饼状图是说当每个框都是某个角度的时候吗？当每个框都不旋转的时候阳性样本平均数量是5.2？还是说饼状图的意思是自由旋转，某个特定角度的框的阳性样本是多少多少？这个饼状图并没有横向比较诶，只有这张图自己内部比较。

柱状图是锚框大小不同下平均阳性

④They introduce dynamic Prior Capturing Block (PCB) as their prior method. Based on this, they further utilize Cross-FPN-layer Coarse Positive Sample (CPS) to assign labels. After that, they reorder these candidates by prediction (posterior), and present gt by finer Dynamic Gaussian Mixture Model (DGMM)
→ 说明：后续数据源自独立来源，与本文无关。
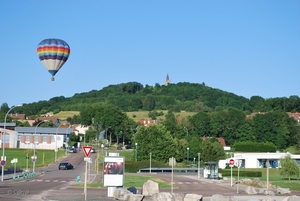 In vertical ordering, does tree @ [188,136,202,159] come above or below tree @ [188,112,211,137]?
below

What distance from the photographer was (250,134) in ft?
456

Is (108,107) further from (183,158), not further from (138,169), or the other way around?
(138,169)

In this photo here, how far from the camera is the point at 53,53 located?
5709 centimetres

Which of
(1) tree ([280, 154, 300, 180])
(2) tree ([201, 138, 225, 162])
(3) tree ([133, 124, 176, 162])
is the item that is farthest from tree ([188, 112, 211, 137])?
(1) tree ([280, 154, 300, 180])

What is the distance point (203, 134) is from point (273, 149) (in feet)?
96.3

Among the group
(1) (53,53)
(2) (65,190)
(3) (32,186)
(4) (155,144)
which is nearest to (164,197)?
(2) (65,190)

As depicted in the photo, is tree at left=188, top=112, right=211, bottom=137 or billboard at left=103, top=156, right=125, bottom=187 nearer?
billboard at left=103, top=156, right=125, bottom=187

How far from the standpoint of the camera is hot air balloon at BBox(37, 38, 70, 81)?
56.9m

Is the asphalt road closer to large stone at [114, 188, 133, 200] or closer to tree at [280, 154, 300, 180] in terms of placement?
large stone at [114, 188, 133, 200]

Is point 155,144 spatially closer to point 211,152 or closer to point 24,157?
point 211,152

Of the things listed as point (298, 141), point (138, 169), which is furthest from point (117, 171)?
point (298, 141)

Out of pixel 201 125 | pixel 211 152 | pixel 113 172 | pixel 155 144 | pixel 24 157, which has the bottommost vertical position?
pixel 24 157

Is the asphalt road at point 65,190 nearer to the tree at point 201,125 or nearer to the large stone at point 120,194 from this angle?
the large stone at point 120,194

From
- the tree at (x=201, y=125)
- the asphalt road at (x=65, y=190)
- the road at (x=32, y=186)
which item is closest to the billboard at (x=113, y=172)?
the asphalt road at (x=65, y=190) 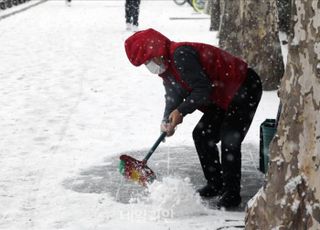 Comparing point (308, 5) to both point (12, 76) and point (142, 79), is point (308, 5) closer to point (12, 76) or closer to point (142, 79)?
point (142, 79)

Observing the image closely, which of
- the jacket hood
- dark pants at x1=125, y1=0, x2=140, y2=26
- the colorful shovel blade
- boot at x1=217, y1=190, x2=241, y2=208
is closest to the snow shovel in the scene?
the colorful shovel blade

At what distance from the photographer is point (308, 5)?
10.6ft

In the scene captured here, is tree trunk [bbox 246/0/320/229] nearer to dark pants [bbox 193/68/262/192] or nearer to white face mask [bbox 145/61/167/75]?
dark pants [bbox 193/68/262/192]

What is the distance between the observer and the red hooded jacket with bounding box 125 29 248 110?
4301mm

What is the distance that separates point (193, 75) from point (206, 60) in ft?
0.74

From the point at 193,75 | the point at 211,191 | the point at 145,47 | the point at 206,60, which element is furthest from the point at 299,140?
the point at 211,191

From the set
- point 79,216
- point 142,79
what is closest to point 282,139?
point 79,216

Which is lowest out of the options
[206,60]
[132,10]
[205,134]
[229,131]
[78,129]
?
[132,10]

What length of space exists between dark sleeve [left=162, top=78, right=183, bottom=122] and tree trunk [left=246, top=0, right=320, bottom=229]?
1171 mm

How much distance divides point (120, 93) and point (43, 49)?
506 cm

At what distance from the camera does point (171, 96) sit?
4750mm

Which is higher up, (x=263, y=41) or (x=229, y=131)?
(x=229, y=131)

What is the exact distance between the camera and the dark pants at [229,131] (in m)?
4.58

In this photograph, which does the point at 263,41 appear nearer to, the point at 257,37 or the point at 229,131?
the point at 257,37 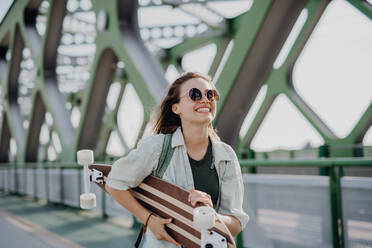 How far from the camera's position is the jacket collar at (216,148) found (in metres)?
1.92

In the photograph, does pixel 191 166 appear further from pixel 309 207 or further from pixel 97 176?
pixel 309 207

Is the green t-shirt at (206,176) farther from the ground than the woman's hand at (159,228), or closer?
farther from the ground

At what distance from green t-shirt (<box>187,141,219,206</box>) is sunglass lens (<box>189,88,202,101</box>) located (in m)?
0.27

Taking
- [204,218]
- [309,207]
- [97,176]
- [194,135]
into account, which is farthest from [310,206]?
[204,218]

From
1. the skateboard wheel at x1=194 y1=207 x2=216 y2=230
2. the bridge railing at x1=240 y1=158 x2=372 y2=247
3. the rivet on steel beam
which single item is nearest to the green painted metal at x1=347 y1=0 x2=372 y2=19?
the rivet on steel beam

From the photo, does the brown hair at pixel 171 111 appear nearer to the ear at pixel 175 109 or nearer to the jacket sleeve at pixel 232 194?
the ear at pixel 175 109

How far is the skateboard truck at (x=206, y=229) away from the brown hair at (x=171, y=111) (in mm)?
563

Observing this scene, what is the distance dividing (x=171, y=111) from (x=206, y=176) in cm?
42

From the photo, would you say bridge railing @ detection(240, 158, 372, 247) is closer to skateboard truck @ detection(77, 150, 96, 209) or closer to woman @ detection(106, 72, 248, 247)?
woman @ detection(106, 72, 248, 247)

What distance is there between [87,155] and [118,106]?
2224 cm

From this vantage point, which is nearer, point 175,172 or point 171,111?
point 175,172

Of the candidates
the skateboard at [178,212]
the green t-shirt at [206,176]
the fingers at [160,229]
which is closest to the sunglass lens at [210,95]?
the green t-shirt at [206,176]

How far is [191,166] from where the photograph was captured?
1911 millimetres

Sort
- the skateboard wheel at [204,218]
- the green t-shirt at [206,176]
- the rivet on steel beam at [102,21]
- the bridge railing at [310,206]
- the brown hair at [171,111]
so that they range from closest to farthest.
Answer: the skateboard wheel at [204,218] < the green t-shirt at [206,176] < the brown hair at [171,111] < the bridge railing at [310,206] < the rivet on steel beam at [102,21] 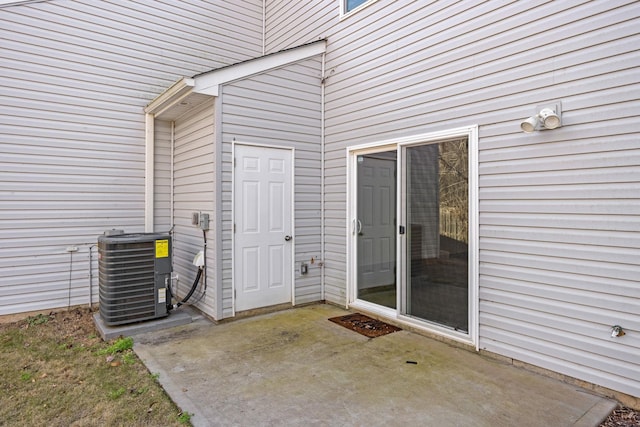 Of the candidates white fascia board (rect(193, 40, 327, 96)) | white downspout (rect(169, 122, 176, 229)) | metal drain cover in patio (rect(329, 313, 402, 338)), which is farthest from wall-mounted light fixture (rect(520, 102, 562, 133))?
white downspout (rect(169, 122, 176, 229))

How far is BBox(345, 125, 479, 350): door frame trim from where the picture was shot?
3.39m

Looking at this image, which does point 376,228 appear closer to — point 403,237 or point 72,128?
point 403,237

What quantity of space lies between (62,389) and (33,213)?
266 centimetres

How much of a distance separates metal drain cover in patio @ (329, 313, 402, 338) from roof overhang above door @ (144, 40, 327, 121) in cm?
310

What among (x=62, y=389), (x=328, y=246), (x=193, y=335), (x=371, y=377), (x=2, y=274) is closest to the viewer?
(x=62, y=389)

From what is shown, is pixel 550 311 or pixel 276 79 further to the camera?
pixel 276 79

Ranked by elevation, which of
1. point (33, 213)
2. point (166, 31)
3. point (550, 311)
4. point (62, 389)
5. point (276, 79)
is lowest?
point (62, 389)

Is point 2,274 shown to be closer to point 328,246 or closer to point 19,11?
point 19,11

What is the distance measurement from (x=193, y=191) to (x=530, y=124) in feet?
12.9

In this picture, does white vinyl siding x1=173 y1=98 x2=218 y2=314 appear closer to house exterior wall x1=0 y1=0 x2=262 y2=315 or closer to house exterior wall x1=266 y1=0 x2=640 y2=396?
house exterior wall x1=0 y1=0 x2=262 y2=315

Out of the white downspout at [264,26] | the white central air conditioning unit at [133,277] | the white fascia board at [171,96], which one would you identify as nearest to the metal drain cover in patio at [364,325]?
the white central air conditioning unit at [133,277]

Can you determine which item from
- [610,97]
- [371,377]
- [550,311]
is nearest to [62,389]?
[371,377]

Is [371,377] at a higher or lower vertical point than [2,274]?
lower

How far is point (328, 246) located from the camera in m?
5.14
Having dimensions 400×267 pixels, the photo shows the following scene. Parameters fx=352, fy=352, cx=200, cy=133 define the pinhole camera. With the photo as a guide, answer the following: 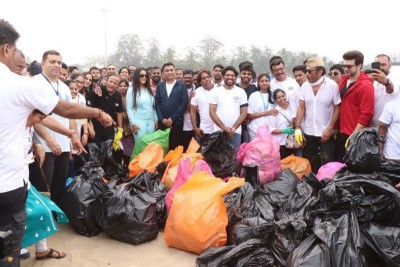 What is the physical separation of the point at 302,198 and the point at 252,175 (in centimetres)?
98

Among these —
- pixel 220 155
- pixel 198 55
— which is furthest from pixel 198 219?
pixel 198 55

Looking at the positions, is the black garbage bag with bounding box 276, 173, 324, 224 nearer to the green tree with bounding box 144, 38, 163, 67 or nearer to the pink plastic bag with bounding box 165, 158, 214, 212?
the pink plastic bag with bounding box 165, 158, 214, 212

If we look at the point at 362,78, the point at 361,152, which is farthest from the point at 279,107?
the point at 361,152

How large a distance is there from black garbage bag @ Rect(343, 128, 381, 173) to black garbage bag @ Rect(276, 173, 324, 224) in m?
0.40

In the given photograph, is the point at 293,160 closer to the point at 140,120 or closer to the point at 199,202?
the point at 199,202

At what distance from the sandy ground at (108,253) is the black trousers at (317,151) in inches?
85.8

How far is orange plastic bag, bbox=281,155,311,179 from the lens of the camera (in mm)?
4219

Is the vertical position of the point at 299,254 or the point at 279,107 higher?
the point at 279,107

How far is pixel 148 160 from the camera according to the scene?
15.3 ft

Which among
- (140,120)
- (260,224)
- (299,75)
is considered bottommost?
(260,224)

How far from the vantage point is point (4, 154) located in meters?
1.87

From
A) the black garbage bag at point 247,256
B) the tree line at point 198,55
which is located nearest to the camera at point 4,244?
the black garbage bag at point 247,256

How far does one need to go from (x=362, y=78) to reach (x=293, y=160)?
48.2 inches

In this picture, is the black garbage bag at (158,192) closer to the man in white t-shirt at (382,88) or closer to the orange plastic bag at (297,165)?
the orange plastic bag at (297,165)
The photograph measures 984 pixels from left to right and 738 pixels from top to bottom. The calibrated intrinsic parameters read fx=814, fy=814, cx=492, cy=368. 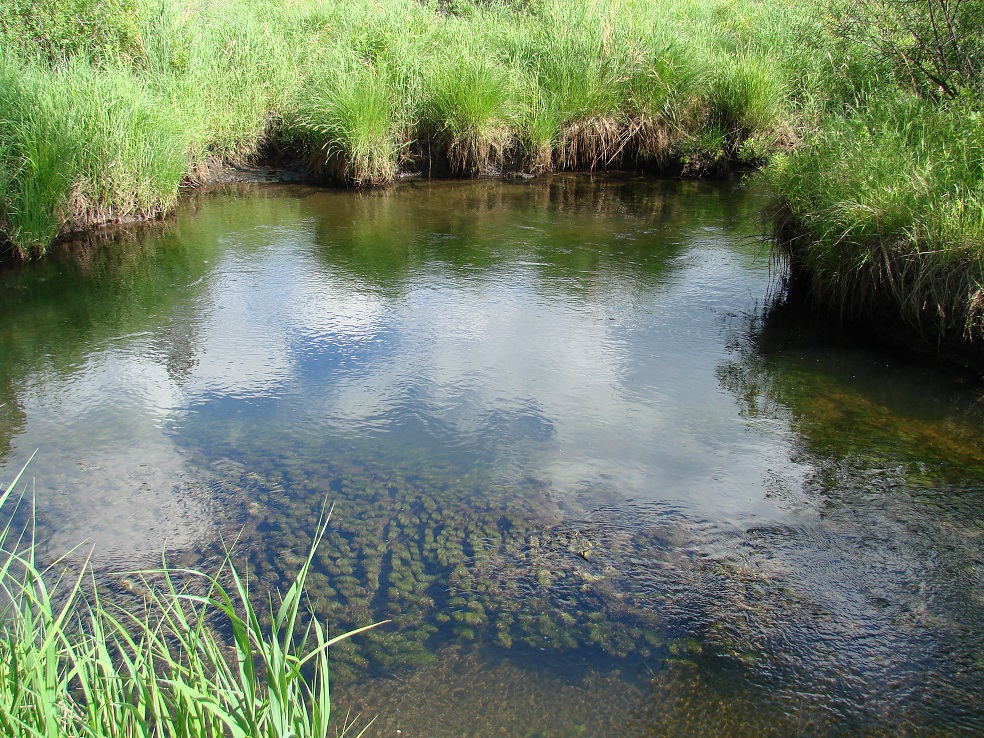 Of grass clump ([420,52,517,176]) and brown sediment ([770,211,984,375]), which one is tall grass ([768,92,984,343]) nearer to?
brown sediment ([770,211,984,375])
eradicate vt.根除;消灭;杜绝 n.根除者;褪色灵

2.3. Related Work

2.3.1. Oriented Object Detection

（1）Prior for Oriented Objects

（2）Label Assignment

2.3.2. Tiny Object Detection

（1）Multi-scale Learning

（2）Label Assignment

（3）Context Information

（4）Feature Enhancement

2.4. Method

（1）Overview

①For a set of dense prior $P\in\mathbb{R}^{W\times H\times C}$ , where $W$ denotes width, $H$ denotes height and $C$ denotes the number of shape information（什么东西啊，是那些点吗）, mapping it to $D$ by Deep Neural Network (DNN):

$D=\mathrm{DNN}_{h}(P)$

where $\mathrm{DNN}_{h}$ represents the detection head（探测头...外行不太懂，感觉也就是一个函数嘛？）;

one part $D_{cls}\in\mathbb{R}^{W\times H\times A}$ in $D$ denotes the classification scores, where $A$ means the class number（更被认为是阳性的样本那层的 $W\times H$ 里的数据会更大吗）;

one part $D_{reg}\in\mathbb{R}^{W\times H\times B}$ in $D$ denotes the classification scores, where $B$ means the box parameter number（查宝说是w, h, x, y, a之类的是box parameter）

②In static methods, the pos labels assigned for $P$ is $G=\mathcal{M}_{s}(P,GT)$

③In dynamic methods, the pos labels set $G$ integrate posterior information: $G={\mathcal M}_{d}(P,D,GT)$

④The loss function:

$\mathcal{L}=\sum_{i=1}^{N_{pos}}\mathcal{L}_{pos}(D_{i},G_{i})+\sum_{j=1}^{N_{neg}}\mathcal{L}_{neg}(D_{j},y_{j})$

where $N_{pos}$ and $N_{neg}$ represent the number of positive and negative samples, $y_i$ is the neg labels set

⑤Modelling $D$ , ${\mathcal M}_{d}$ and $GT$ :

$\tilde{D}=\mathrm{DNN}_{h}(\underbrace{\mathrm{DNN}_{p}(P)}_{\text{Dynamic Prior}\hat{P}})$

$\tilde{G}=\mathcal{M}_{d}(\mathcal{M}_{s}(\tilde{P},GT),\tilde{GT})$

$\mathcal{L}=\sum_{i=1}^{\hat{N}_{pos}}\mathcal{L}_{pos}(\tilde{D}_{i},\tilde{G}_{i})+\sum_{j=1}^{\tilde{N}_{neg}}\mathcal{L}_{neg}(\tilde{D}_{j},y_{j})$

2.4.1. Dynamic Prior

①Flexibility may alleviate mismatch problem

②Each prior represents a feature point

③The structure of Prior Capturing Block (PCB):

the surrounding information is considered by dilated convolution. Then caputure dynamic prior by Deformable Convolution Network (DCN). Moreover, using the offset learned from the regression branch to guide feature extraction in the classification branch and improve alignment between the two tasks.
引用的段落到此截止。